Stumbling and Mumbling

Who cares what rioters say?

chris dillow
Publish date: Mon, 05 Dec 2011, 03:13 PM
chris dillow
0 2,776
An extremist, not a fanatic

The Guardian's 'reading the riots' project raises a general question in the social sciences: to what extent can individuals' coherently explain their own actions?

The Guardian says:

Widespread anger and frustration at the way police engage with communities was a significant cause of the summer riots'The project collected more than 1.3m words of first-person accounts from rioters, giving an unprecedented insight into what drove people to participate in England's most serious bout of civil unrest in a generation. (Emphasis added)

But why should we believe rioters' own accounts of their actions?

One reason to think not is that people are so keen to maintain a positive self-image of themselves that they engage in self-serving biases, as Carol Tavris and Elliot Aronson showed in their book, Mistakes Were Made. Three aspects of this are:

1. People paint themselves as victims. Tavris and Aronson say:

Self-justification works to minimize any bad feelings we might have as doers of harm, and to maximize any righteous feelings we might have as victims.

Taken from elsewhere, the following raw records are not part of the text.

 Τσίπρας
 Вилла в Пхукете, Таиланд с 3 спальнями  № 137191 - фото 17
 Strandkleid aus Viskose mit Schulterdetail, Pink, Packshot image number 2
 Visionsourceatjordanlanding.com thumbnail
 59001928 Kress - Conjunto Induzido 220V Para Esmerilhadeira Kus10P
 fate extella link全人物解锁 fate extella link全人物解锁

Which poses the question: are rioters' complaints about police harassment a genuine cause of the riots, or are they simply part of this self-justification?

Note that this point is not merely about rioters. Dick Fuld tried to downplay his role in the collapse of Lehmans by claiming to be the victim of market forces and Fed meanness. The victim narrative is a standard part of self-justification.

2. People don't accept personal responsibility, and distance themselves from their actions. Rather than say 'I was wrong' they say 'mistakes were made' - hence Tavris and Aronson's title; Liam Fox recently used just these words. This bias means that self-explanations of the riots will naturally under-rate the importance of simple criminal impluses.

3. People don't accept often accounts which tell them they are weak. This means that peer pressure - 'I did it because others did' - will be under-emphasized by self-serving accounts. And yet peer effects must be part of the explanation for the riots.

Now, you might think that, in saying this, I'm siding with those rightists who have criticized the report.

Maybe not. There is, of course, one figure above all others who warned us not to take individuals' conscious explanations of their behaviour at face value - Marx:

It is not the consciousness of men that determines their existence, but their social existence that determines their consciousness.

And, he added, the fact that we are systematically unaware of this generates ideology and false consciousness. But this in turn means that individual's subjectivity is constructed by forces they don't understand. Subjective accounts of one's behaviour will, then, be partial and misleading.

I say all this not to dismiss the Guardian's work out of hand, but rather merely to pose a question about the nature of explanation. That said, two thoughts arise. One is: could it be that what we are seeing here is a form of journalistic ideology? Journalists naturally think that you can find the 'truth' if you ask enough people. But this isn't self-evidently the case.

More unpleasantly, could it be that the belief that talking to rioters can explain the riots reflects a form of middle-class self-hatred - that the truth is to be found on the 'street'?